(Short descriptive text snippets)
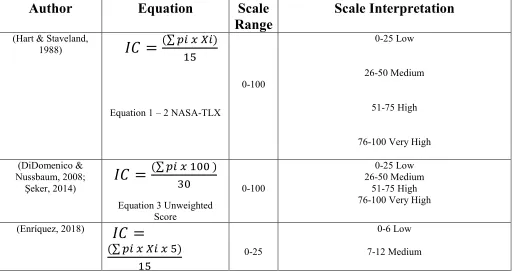 Table 2. Software Developed to Apply NASA-TLX  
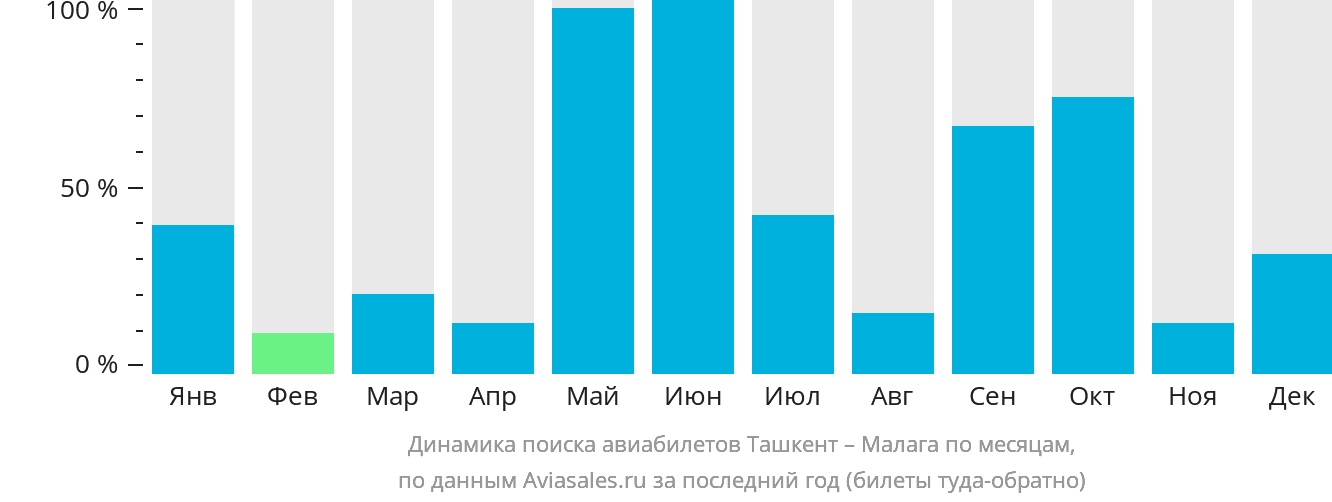 Динамика поиска авиабилетов из Ташкента в Малагу по месяцам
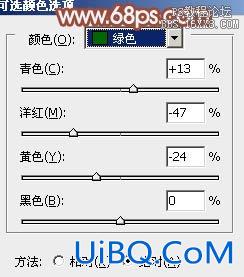 ps淡淡的小清新风格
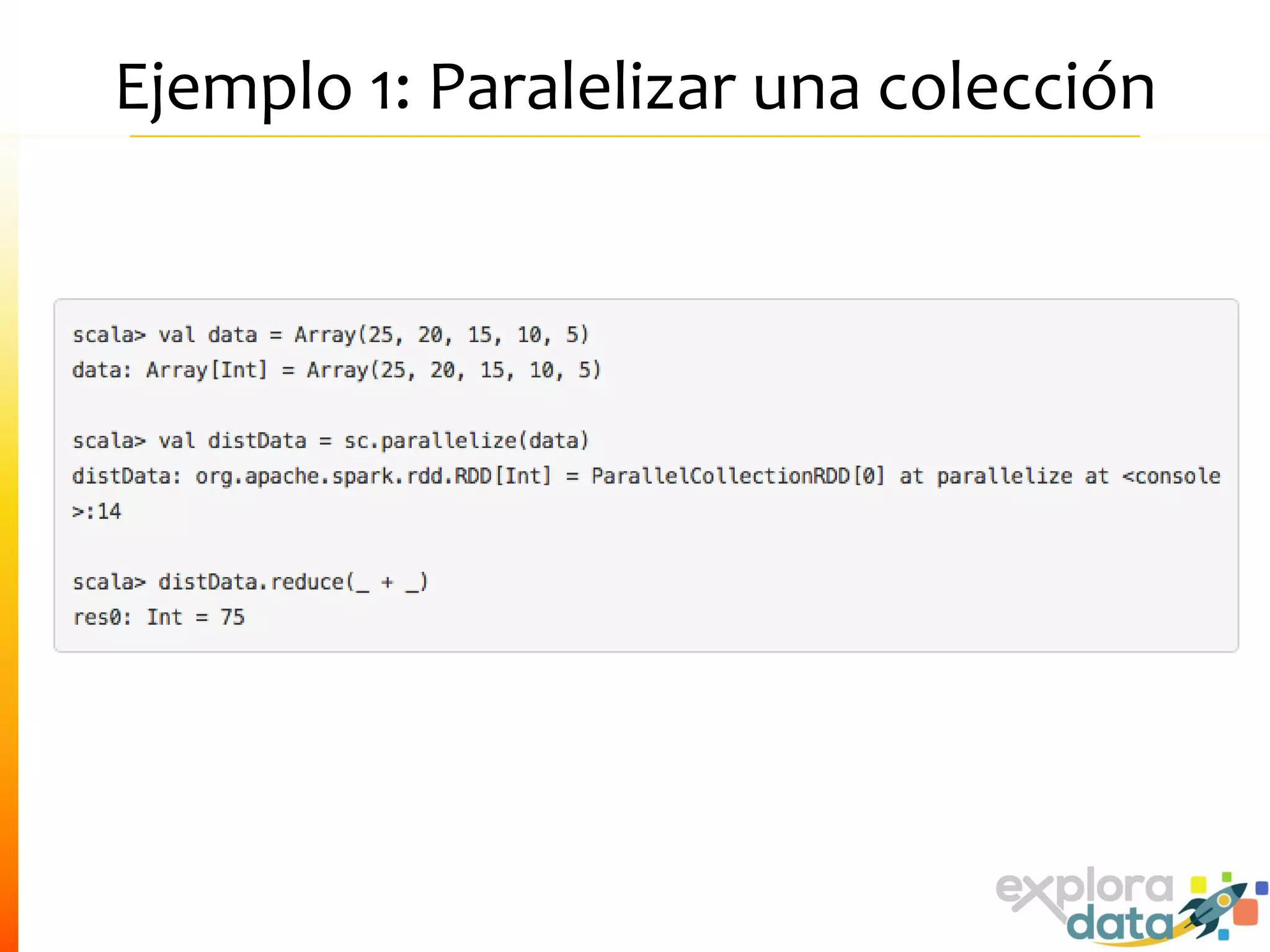 Ejemplo 1: Paralelizar una colección
 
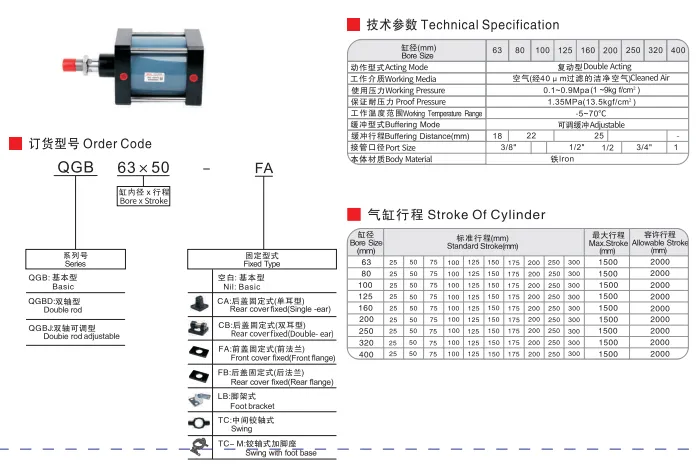 Sns Pneumatic Executive Components Qgb Series Data Sheet 1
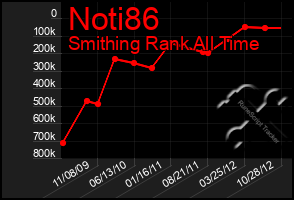 Total Graph of Noti86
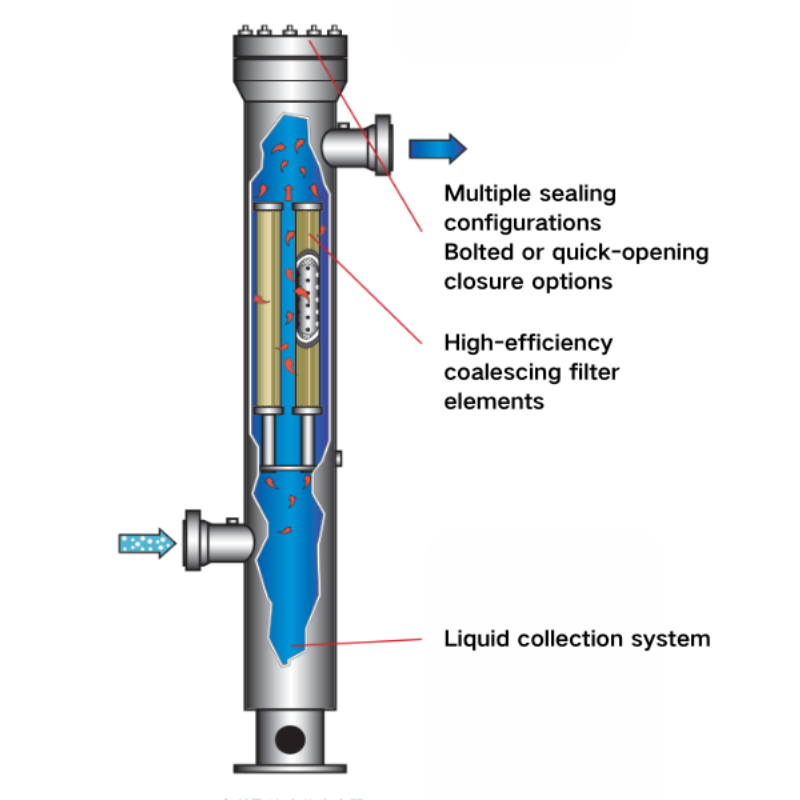 Сепаратор с коалесцирующим фильтрующим элементом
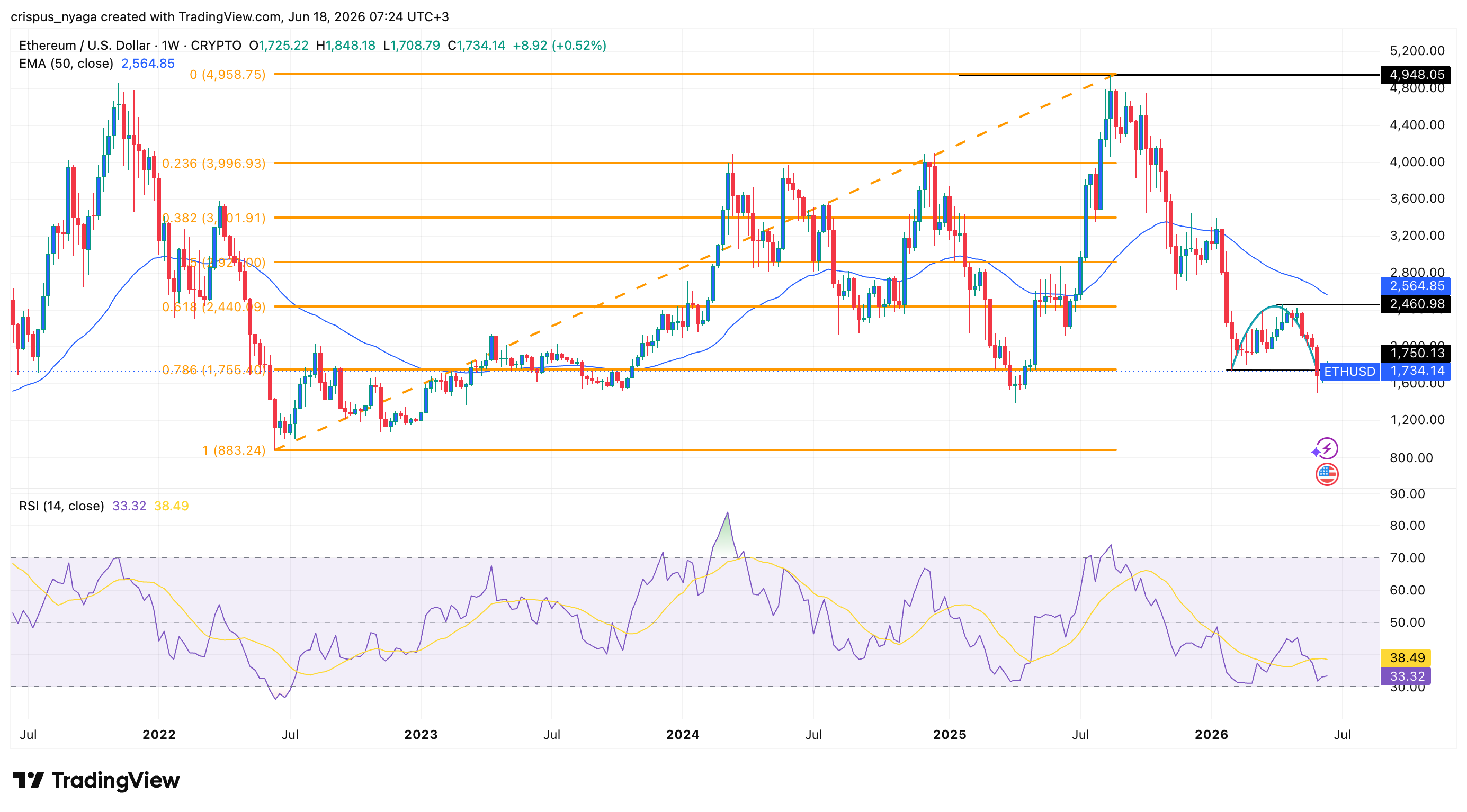 Ethereum-Kurs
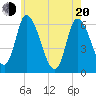 Merrimacport tide chart for Tuesday, May 20, 2025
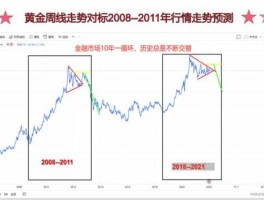 2022年黄金的走势预测(黄金今年的走势预测)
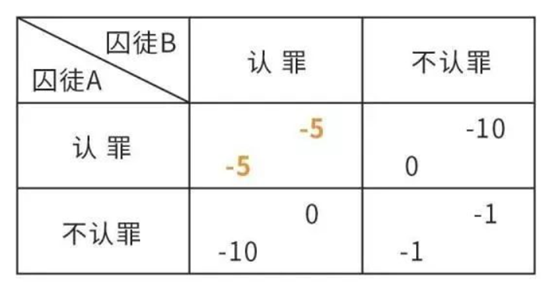 囚徒困境：想赚别人的钱，先来博弈人性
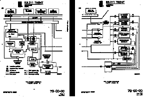 Main overview diagram (click to enlarge)
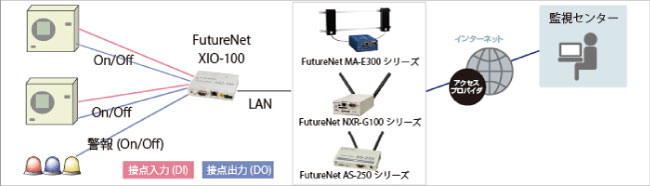 FutureNet XIO-100の基本的な利用イメージ
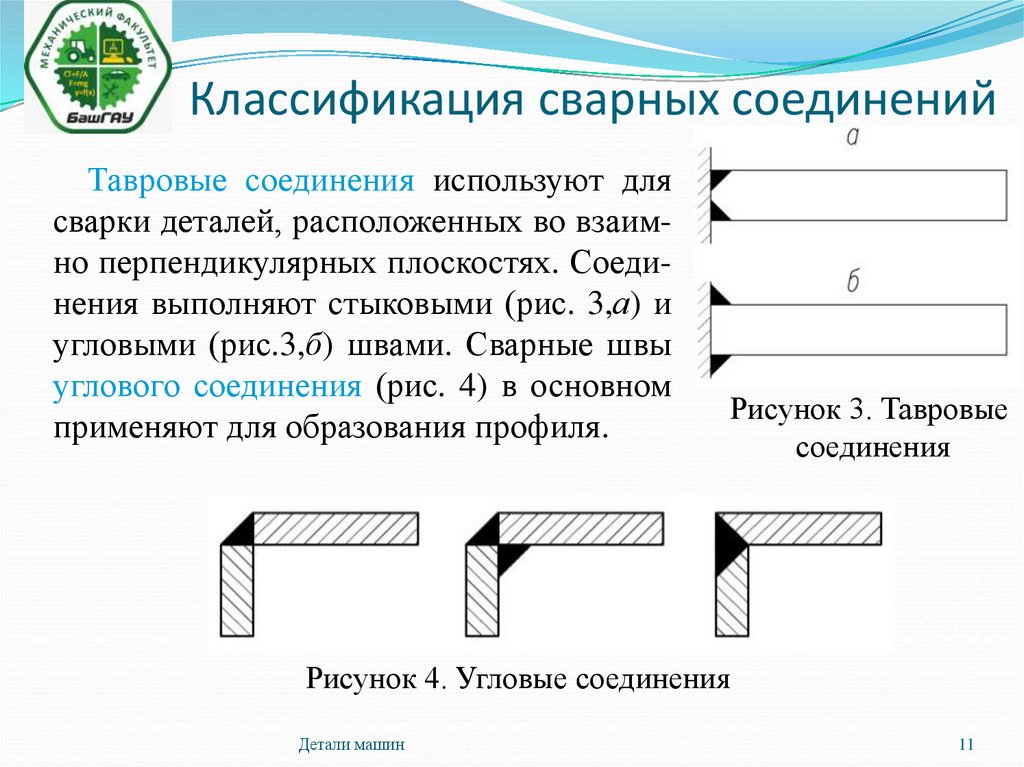 Характеристики и классификация разных видов сварочных швов и стежек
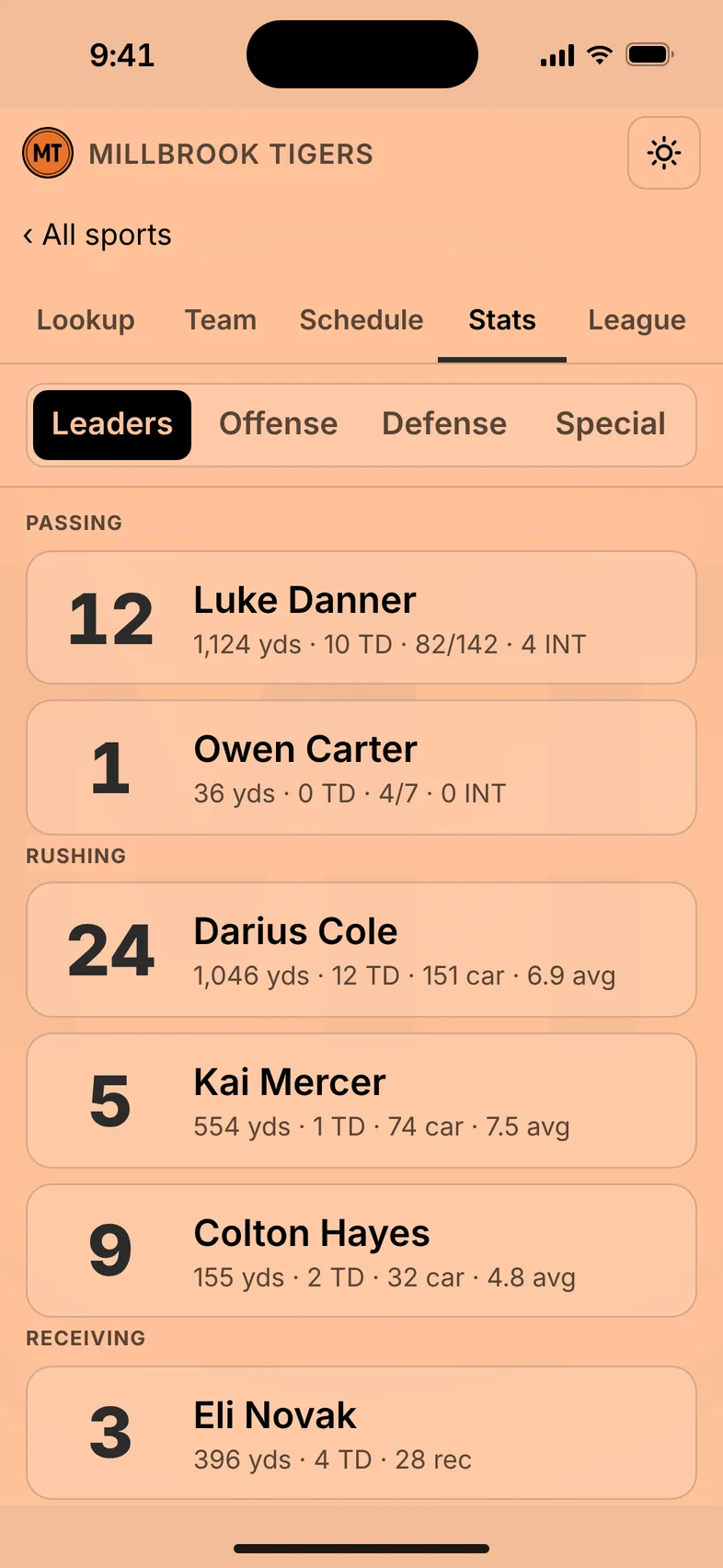 The Stats screen: season leaders in passing, rushing and receiving, each player’s jersey number beside his yards, touchdowns, and completions, carries or catches.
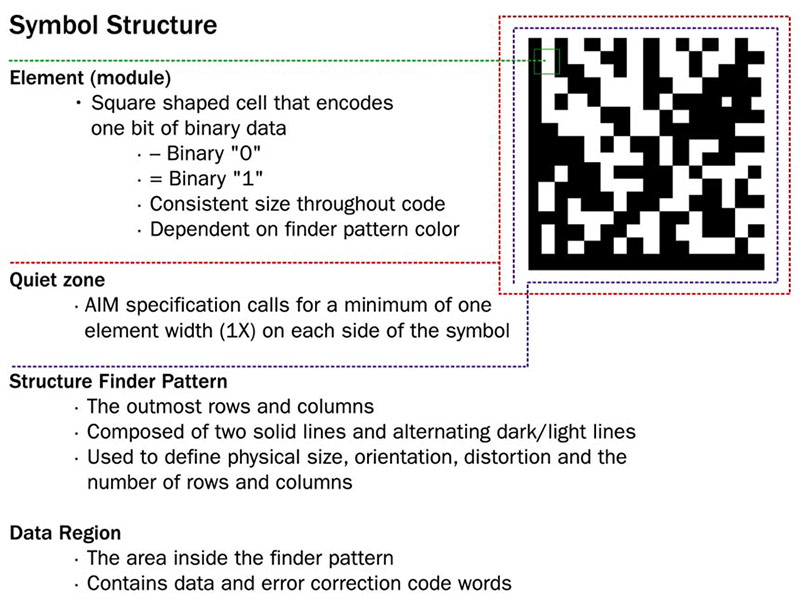Data Matrix symbol structure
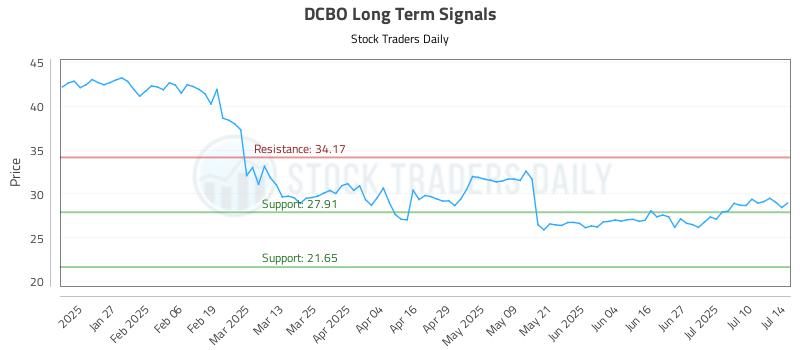 DCBO Long Term Analysis for July 15 2025 DCBO Long Term Analysis for July 15 2025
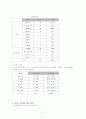 청소년문제의 현황과 예방 및 대책방안 21페이지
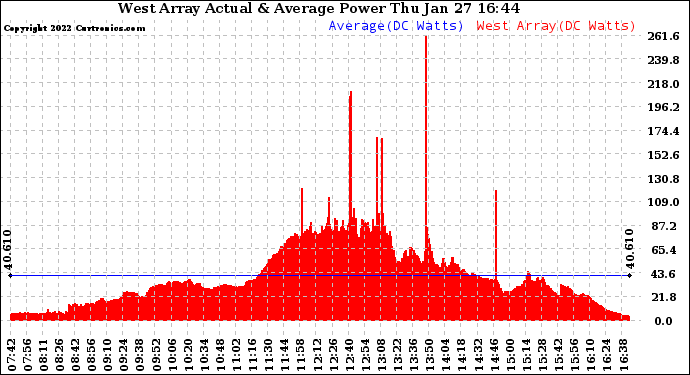 Solar PV/Inverter Performance West Array Actual & Average Power Output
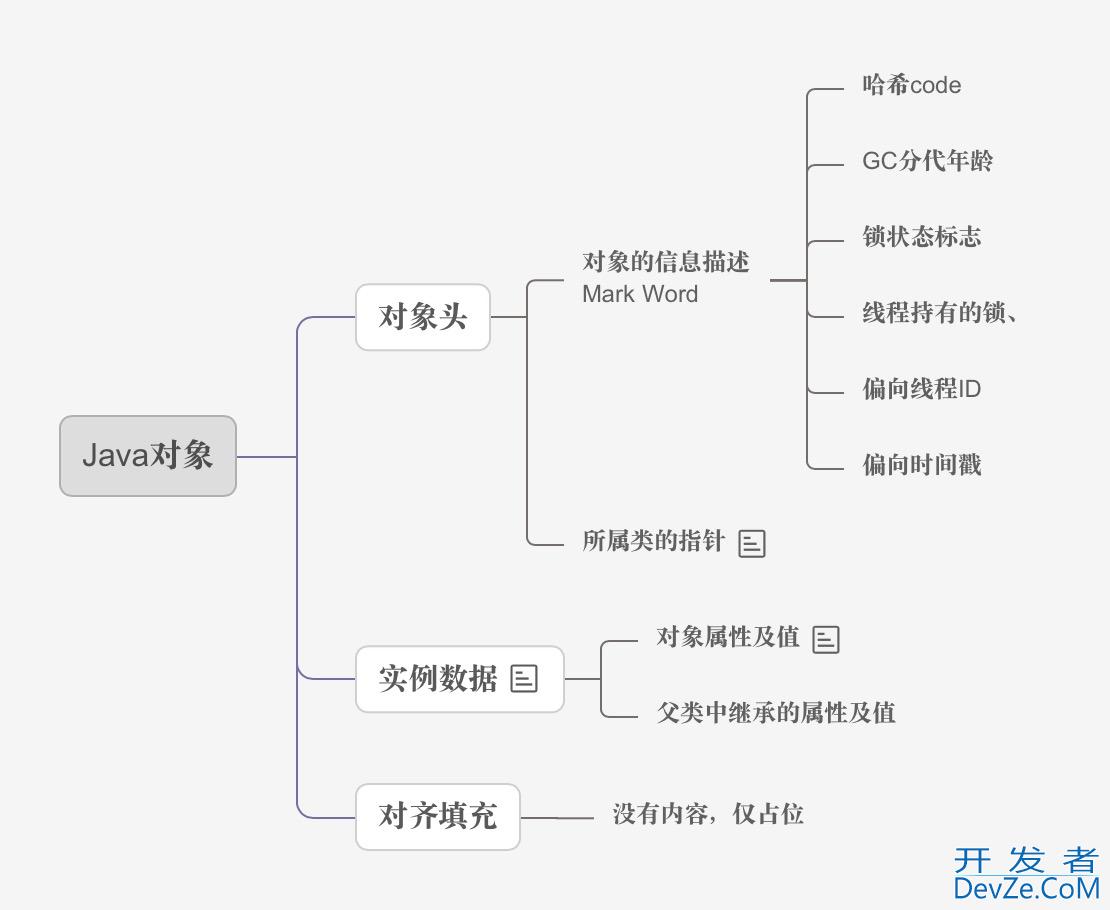 浅析Java关键词synchronized的使用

What to work on |
The answer should contain nothing but the lines from the top of the data above through the line containing "FutureNet XIO-100の基本的な利用イメージ", copied exactly, with no images.

Written reply |
 Table 2. Software Developed to Apply NASA-TLX  
 Динамика поиска авиабилетов из Ташкента в Малагу по месяцам
 ps淡淡的小清新风格
 Ejemplo 1: Paralelizar una colección
 
 Sns Pneumatic Executive Components Qgb Series Data Sheet 1
 Total Graph of Noti86
 Сепаратор с коалесцирующим фильтрующим элементом
 Ethereum-Kurs
 Merrimacport tide chart for Tuesday, May 20, 2025
 2022年黄金的走势预测(黄金今年的走势预测)
 囚徒困境：想赚别人的钱，先来博弈人性
 Main overview diagram (click to enlarge)
 FutureNet XIO-100の基本的な利用イメージ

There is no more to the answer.